Penelope Umbrico’s typologies of everyday descriptive photographs, made in their thousands and posted online, are detached anthropological observations about people, things that matter to them, and their behaviour.”My work is as much a study of photography as it is photography” states Umbrico

La Lettre had a quick breakfast with Boots to see what he had to say about this years Arles festival and the state of photography for 2011 and the future.

Tell me about your selection for the Discovery Award.
I felt the three of them are all interesting in their own right, making very exciting installation work, and together I hope they have something to say about the nature of photography. I didn’t know about From Here On when I made my selection, and I wanted to choose artists who are making work in relation to social media. I think the production and distribution of images online is changing everything about the environment of photography so I thought this was an interesting theme to explore.

Part of the crowd in Arles is questioning the new directions of photography manifested in exhibitions like From Here On, Foam’s What´s Next? and your nominations for the Discovery Award. What do you say about this?
I have been coming to Arles for about 25 years and it always had a tradition of showing new things. This is the right place for considering the state of the art, and the influences that are having a bearing on it. One interesting conversation I had about ‘From Here On’ is that really its a summary of what a lot of different artists and collectors have been doing over recent years with images found online, a survey show of what has been going on in the recent past rather than a manifesto for what’s will go on in the future. The field of photography is changing fast and furiously, I don’t think anyone knows what will happen in the future. We don’t even have a precise definition of what photography is any more. Arles is a good place to consider such questions, but it does not mean that we don’t place value on ‘straight’ photography, or the great photographers of the past.

I have a feeling that there is alot of collecting and research going on. But there is not so many conclusions?
Well there might not be a conclusion, it´s more about consider what´s happening in photography, and being able to have a good understanding of what’s happening in the field.

Earlier I heard you talked about breaking barriers…
The traditional hierarchies of producer and consumer are no longer appliable.

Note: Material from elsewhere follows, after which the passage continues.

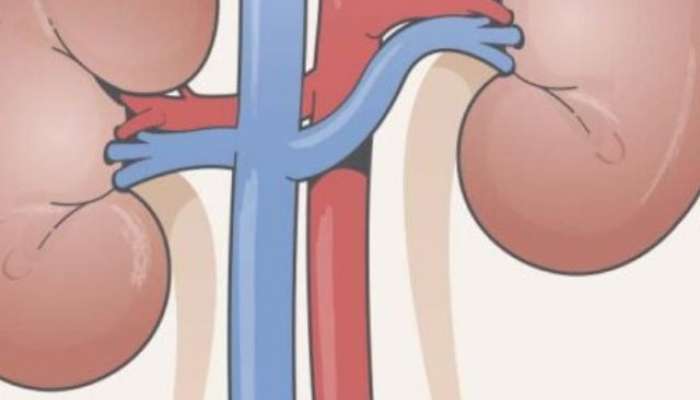 Kidney खराब झाल्याचे संकेत आहेत 'ही' लक्षणं!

Everybody is a photographer. Everybody has access to means of distribution. Everyone has a voice. This has consequences for the institution and the artist, between the artist and the audience. Photography has a great tradition of democracy so it should be able to deal with this!

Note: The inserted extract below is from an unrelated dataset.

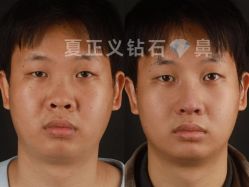 -北京米扬丽格医疗美容·联合丽格鼻整形中心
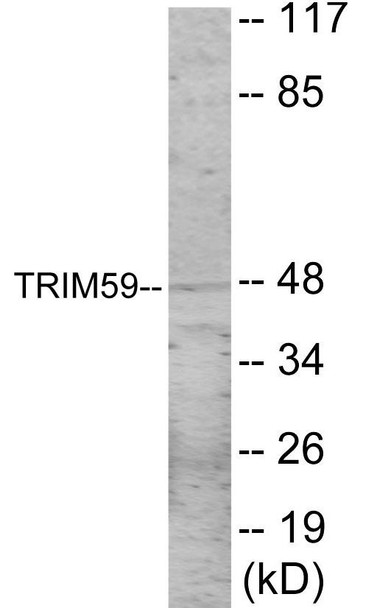 TRIM59 Colorimetric Cell-Based ELISA (CBCAB01149)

This is what you going to do at Aprerture?
Aperture was set up to be, in the words of its founders, ‘common ground for the advancement of photography’. The magazine was established to be a channel of dialogue about the medium, and the concerns of photographers, and a vehicle to promote knowledge and ideas. And that’s how I see its role today. We are at the heart of the photo community in New York, and we have a role as part of that community to enable photographers and professionals and all the fans of photography to navigate what’s going on in the field – of course in terms of work we present but also in terms of working as a meeting place for all the different constituents of the field. We have for a while been a meeting place, an events space, but I would like to develop that. We will continue to publish our quarterly magazine, and make books, and we want to continue to select artists who we think are exciting, like Penelope Umbrico, to present. But we also have an obligation to the history of the medium too, to photographers like Strand, and Arbus. Like any institution that has history, its part of our job to bring this to bear on what is happening now.